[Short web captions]
---+---

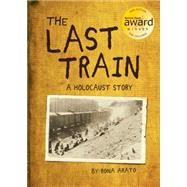 The Last Train A Holocaust Story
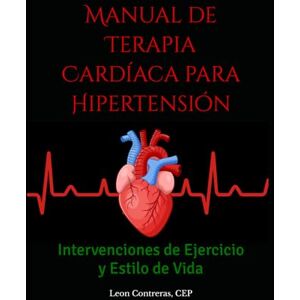 Contreras CEP, Leon Manual de Terapia Cardíaca para Hipertensión: Intervenciones de Ejercicio y Estilo de Vida Contreras CEP, Leon Manual de Terapia Cardíaca para Hipertensión: Intervenciones de Ejercicio y Estilo de Vida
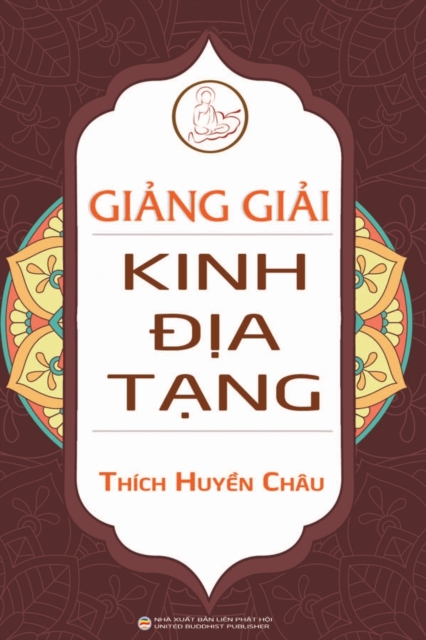 Giảng giải Kinh Địa Tạng - Thích Huyền Châu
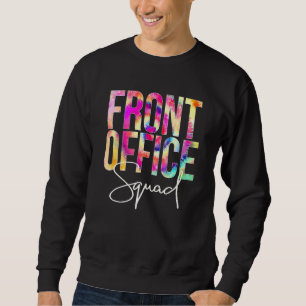 Front Office Squad Tie Dye Back To School Apprecia Sweatshirt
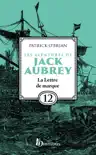 Les Aventures de Jack Aubrey, tome 12, La Lettre de marque : Saga de Patrick O'Brian, nouvelle édition du roman historique culte de la littérature maritime, livre d'aventure sinopsis y comentarios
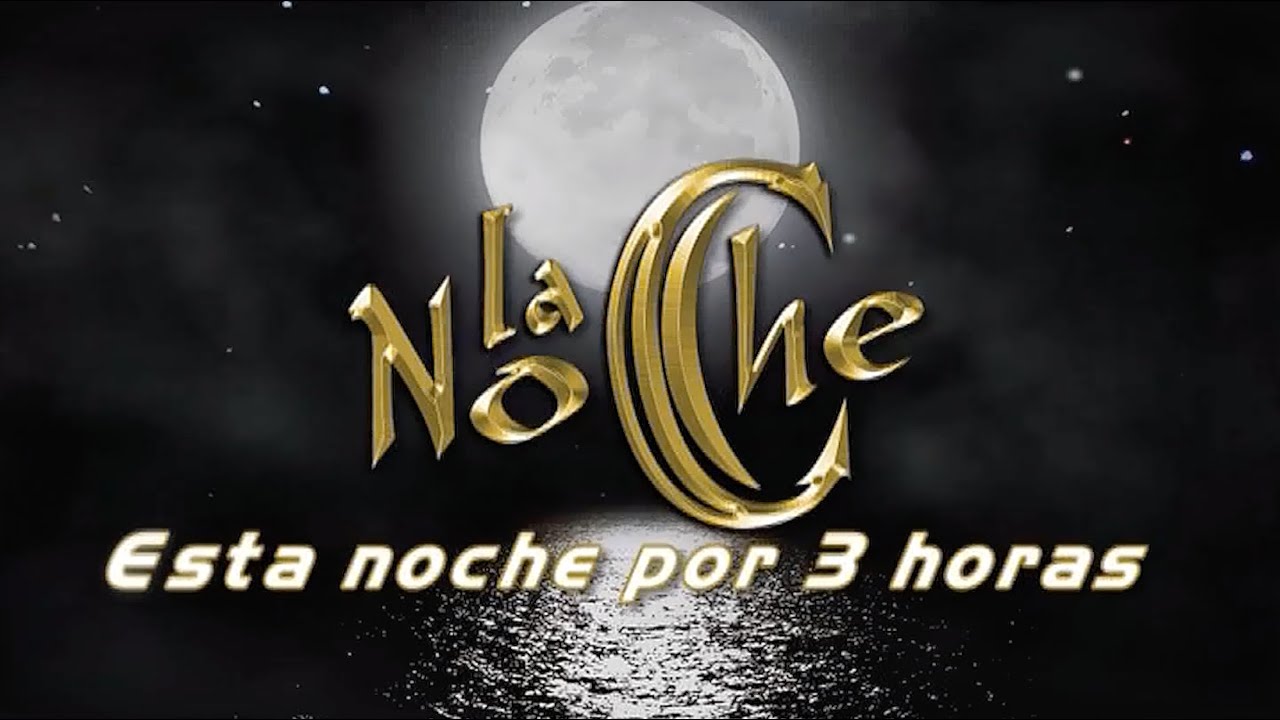 La Noche - Esta Noche x 3 Horas - Video Lyric (Karaoke) - YouTube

---+---

-- Work required --
None of the pictures should be carried over when the data above is transcribed exactly.

-- Final answer --
 The Last Train A Holocaust Story
 Contreras CEP, Leon Manual de Terapia Cardíaca para Hipertensión: Intervenciones de Ejercicio y Estilo de Vida Contreras CEP, Leon Manual de Terapia Cardíaca para Hipertensión: Intervenciones de Ejercicio y Estilo de Vida
 Giảng giải Kinh Địa Tạng - Thích Huyền Châu
 Front Office Squad Tie Dye Back To School Apprecia Sweatshirt
 Les Aventures de Jack Aubrey, tome 12, La Lettre de marque : Saga de Patrick O'Brian, nouvelle édition du roman historique culte de la littérature maritime, livre d'aventure sinopsis y comentarios
 La Noche - Esta Noche x 3 Horas - Video Lyric (Karaoke) - YouTube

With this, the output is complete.